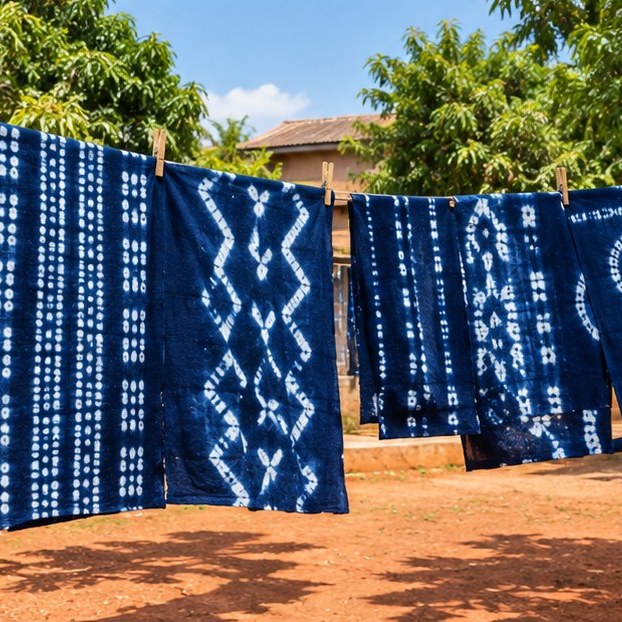 Hand-dyed adire indigo cloth drying on a line in bright sun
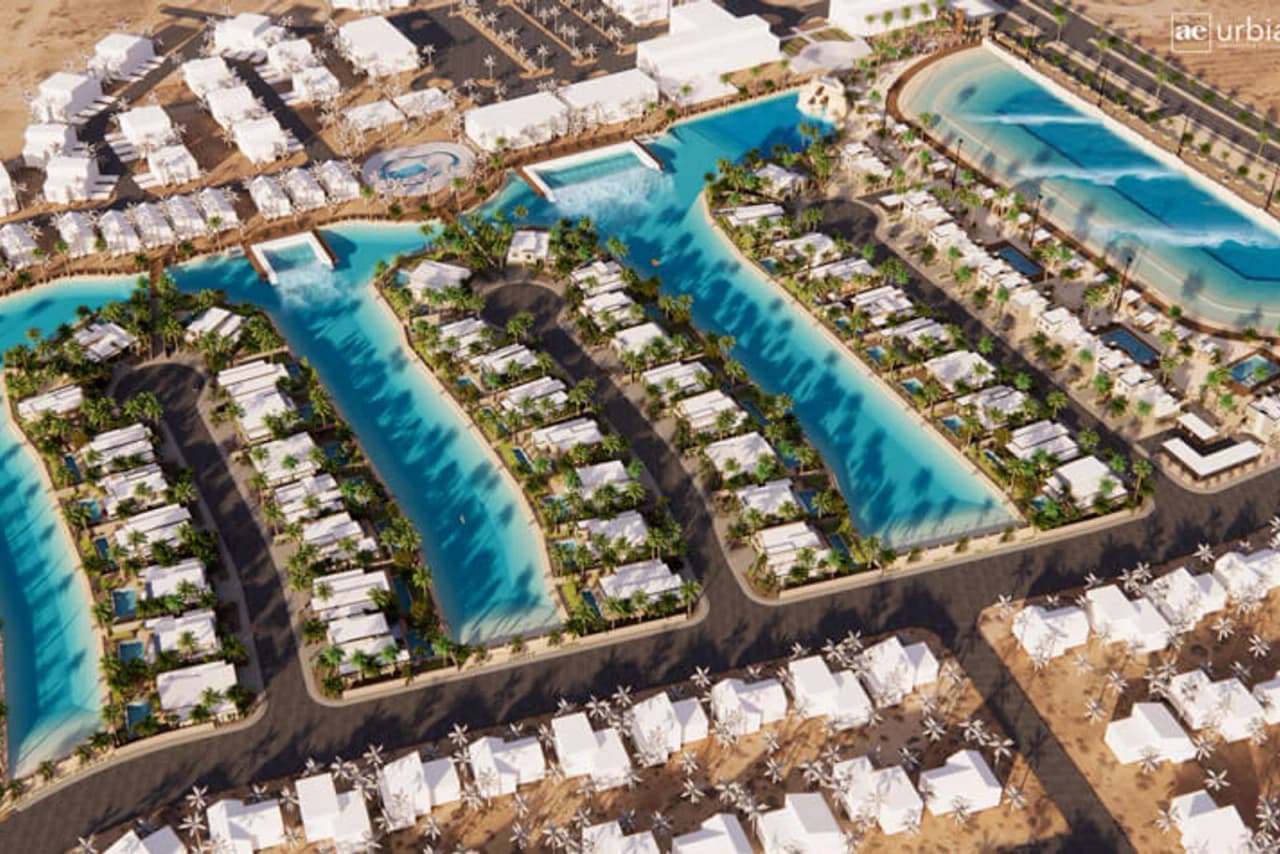 Aerial view of the Zion Shores waterfront community masterplan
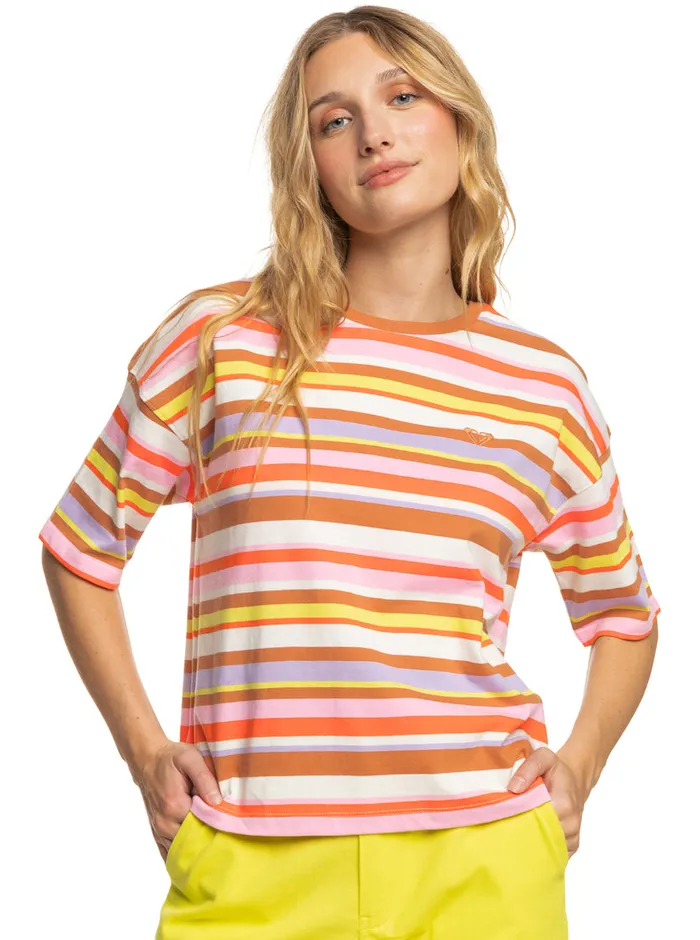 Roxy Tees and Tanks SurfKindKate TShirt Vermillon Sun Struck Stripe 8211 Womens Roxy Tees and Tanks SurfKindKate TShirt Vermillon Sun Struck Stripe 8211 Womens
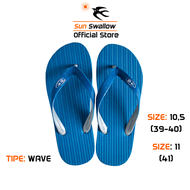 Sandal Jepit Pria Sun Swallow Wave Biru Ombak Nyaman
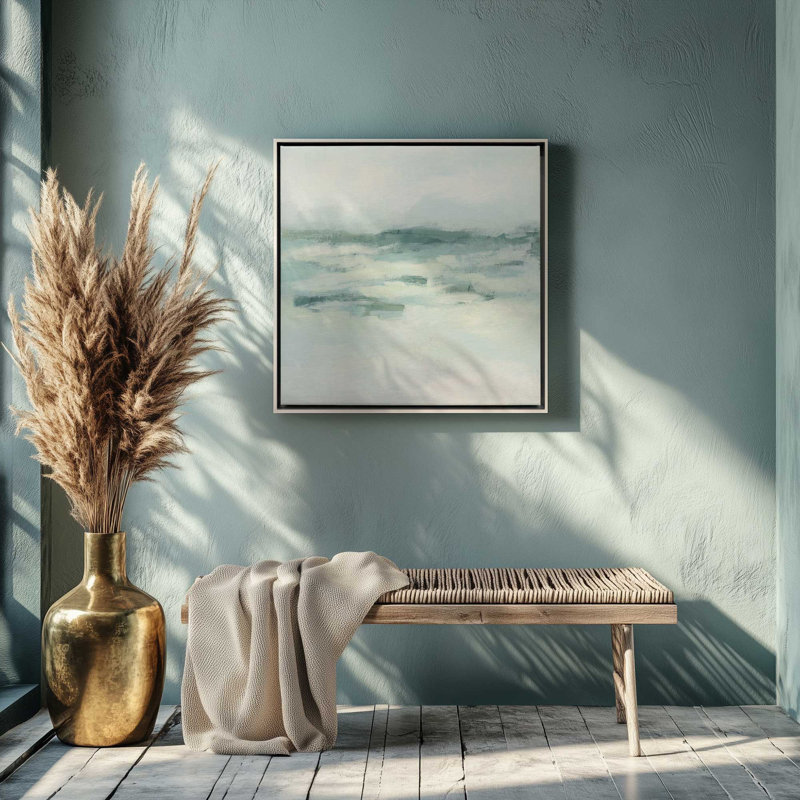 «Gentle Aqua Ocean I», H 12,75 po x l 12,75 po, Noir satiné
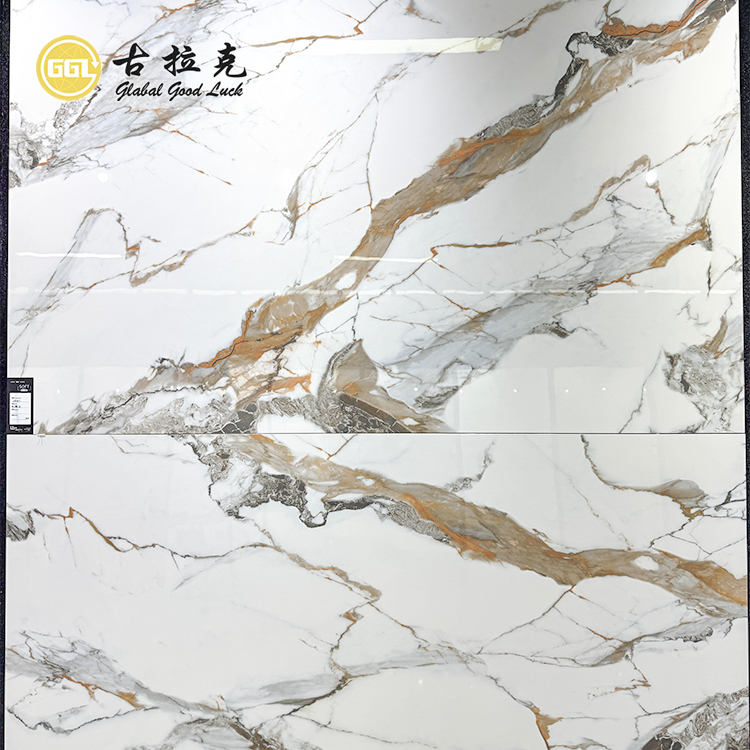 Calacatta Gold Porcelain Slab 1200x1800mm Large Format Marble Look Tile with Gold Veins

- [Task brief] Output nothing except the lines from the one containing "8211 Womens Roxy" through the final line of the entries, repeated exactly and free of pictures.

- [Task response]
 Roxy Tees and Tanks SurfKindKate TShirt Vermillon Sun Struck Stripe 8211 Womens Roxy Tees and Tanks SurfKindKate TShirt Vermillon Sun Struck Stripe 8211 Womens
 Sandal Jepit Pria Sun Swallow Wave Biru Ombak Nyaman
 «Gentle Aqua Ocean I», H 12,75 po x l 12,75 po, Noir satiné
 Calacatta Gold Porcelain Slab 1200x1800mm Large Format Marble Look Tile with Gold Veins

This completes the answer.